AMD: Seamicro Acquisition A Longer -Term Positive

 Mar 01, 2012 |

 
Advanced Micro Devices (NYSE:AMD) said Wednesday it would buy SeaMicro for about $334 million to boost its low-cost server offerings.

The acquisition of SeaMicro, which is backed by leading venture capitalists including Khosla Ventures and Draper Fisher Jurvetson, would help AMD deliver cost-efficient server technology to its original equipment manufacturers (OEMs) serving cloud-centric data centers.

"We do believe that power efficient servers sold into cloud applications are driving growth in the server market," Jefferies analyst Mark Lipacis wrote in a note to clients.

SeaMicro's intellectual property is based on three elements: 1) I/O virtualization technology, which enables it to remove all but three kinds of chips in a server, the multi-core processing unit (MPU), DRAM and a custom chip (ASIC), 2) TO or Turn-it-Off technology, where the ASIC can reach into the MPU and turn off certain circuits, and 3) A supercompute style fabric that enables a high speed connection between MPUs.

AMD's revenue largely depends on PCs and tablets. However, a recent data from market research firm Gartner showed worldwide PC shipments slid 1.4 percent from last year to 92.2 million units. Gartner had projected a 1 percent decline.

AMD, which lost $177 million in Q4, said in November, they will cut 1,400 jobs, or about 10 percent of its global workforce as part of a restructuring plan to improve productivity and enhance growth as it strives to align with key industry trends.

In order to diversify its revenue streams, AMD is now focusing more on servers and the red hot cloud-centric data center server market.
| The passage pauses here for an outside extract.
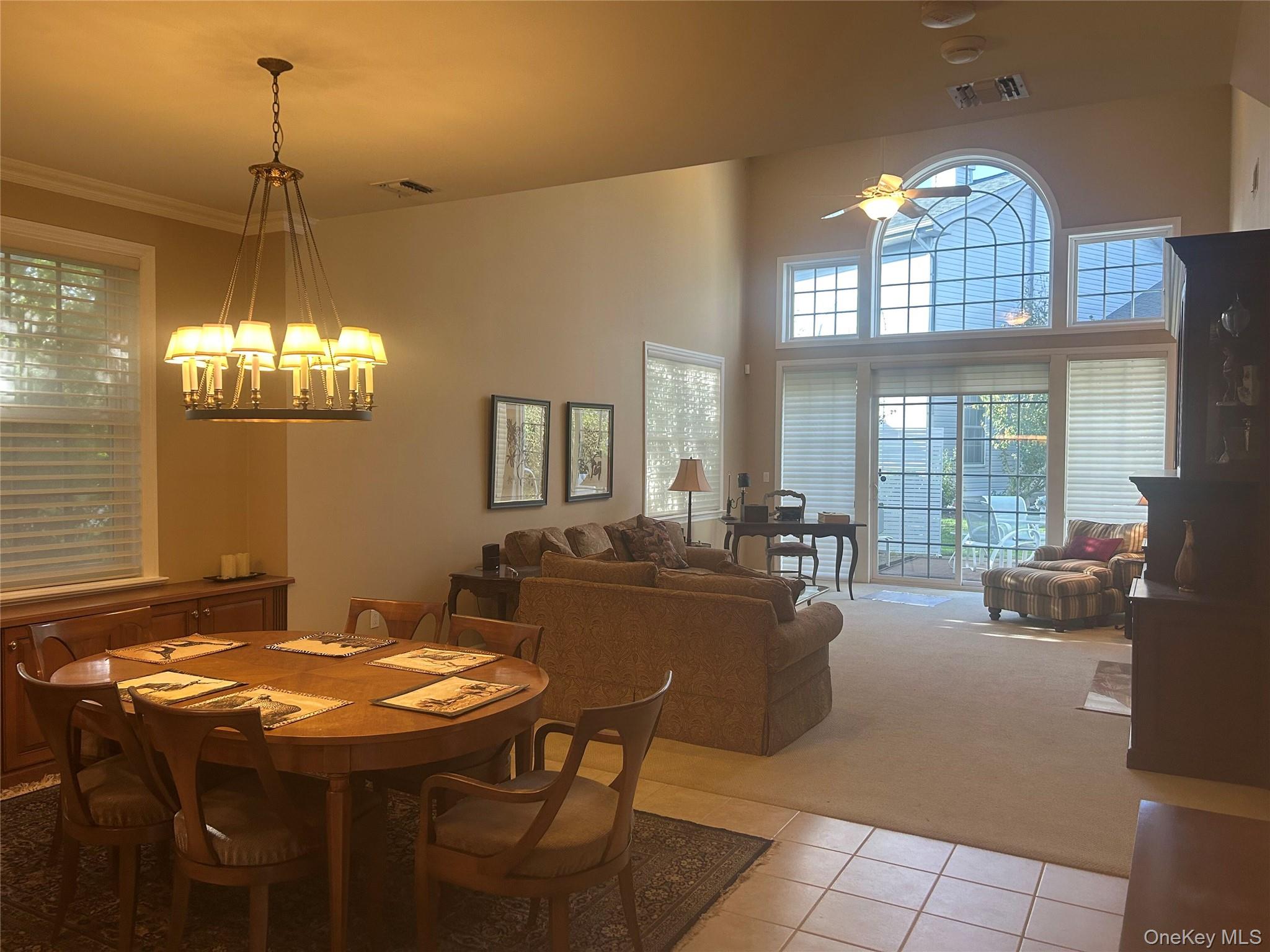 #5 photo, 423 Florencia Place, サフォーク郡 Melville , NY 11747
SeaMicro noted that it was seeing most success with companies that use servers in data centers under heavy workloads, and consider servers to be a core part of their business. Longer term, the company expects to have increased success in high performance computing.
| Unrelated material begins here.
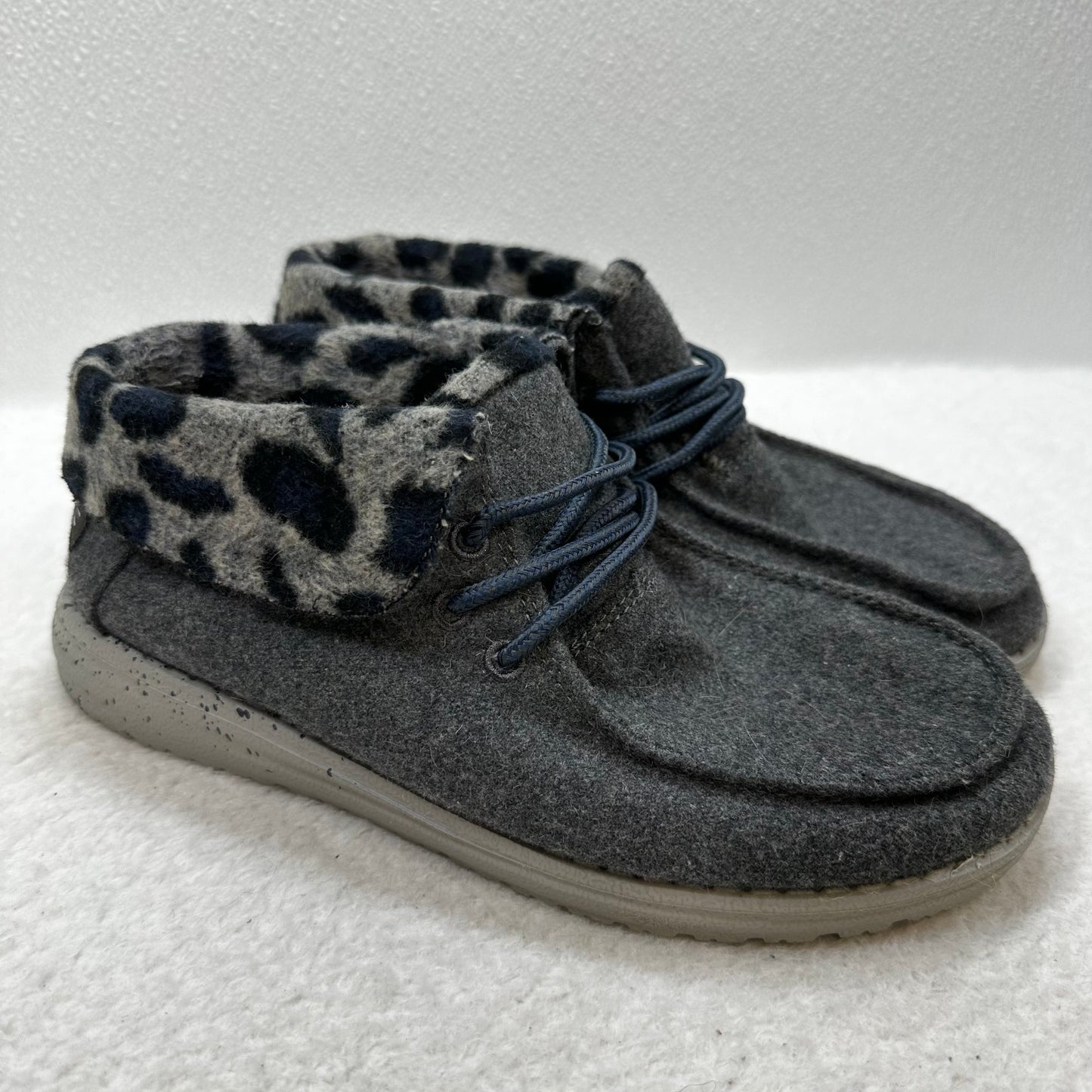 Grey Shoes Flats Moccasin HEY DUDE, Size 6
SeaMicro said current systems featuring its technology typically use one quarter the power and take one sixth the space of traditional servers with the same compute performance, yet deliver up to 12 times the bandwidth per core.

For the full year 2011, worldwide server revenue increased 5.8 percent to $52.3 billion, and worldwide unit shipments rose 4.2 percent to 8.3 million units, according to IDC. IDC has predicted that cloud data centers would be the fastest growing part of the server market through 2015.
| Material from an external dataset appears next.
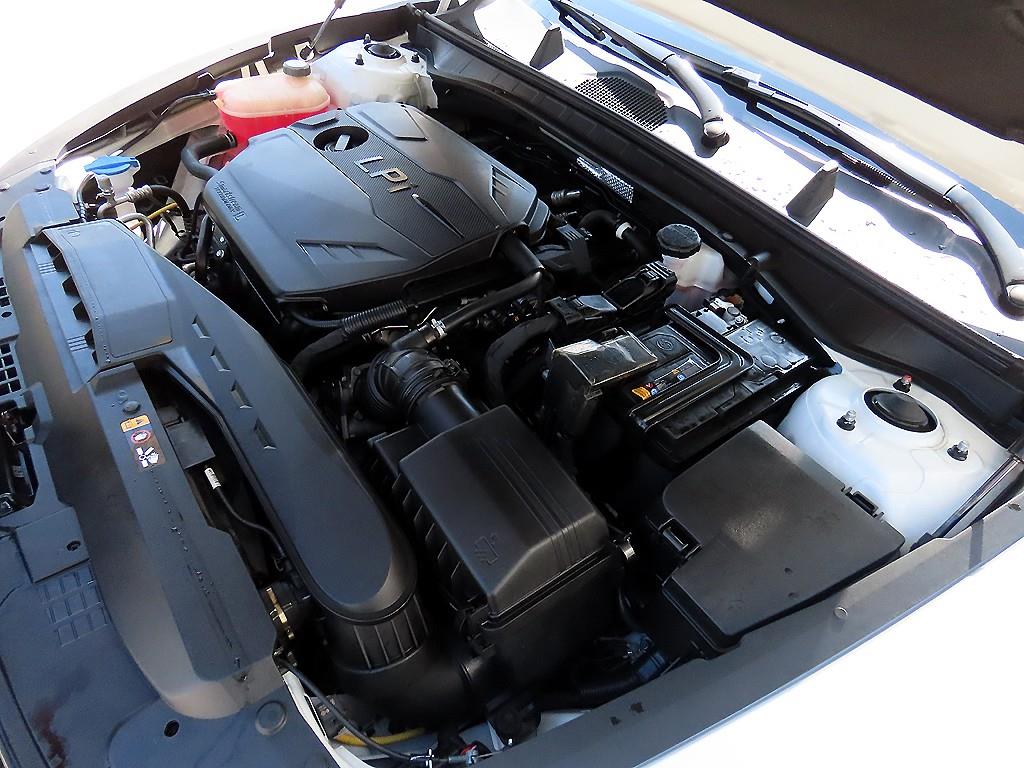 Hyundai Sonata — photo 19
SeaMicro currently offers Intel (NASDAQ:INTC)-based processors including Sandy-Bridge-based Xeon processors and Atom in its server systems. SeaMicro would continue to offer Intel-based systems to distribution and, at the same time, offer AMD's Opteron-based processors to OEM customers.

"Ultimately, we would expect AMD to adopt the SeaMicro architecture and integrate the fabric technology into AMD MPUs," Lipacis said.

AMD plans to offer the first AMD Opteron processor-based solutions that combine AMD and SeaMicro technology in the second half of 2012. AMD said it remains firmly committed to its traditional server business, and will continue to focus and invest in this area.

"The acquisition makes us incrementally positive on the stock, as we believe that longer term, it could drive sales of high margin server products from AMD," Lipacis said.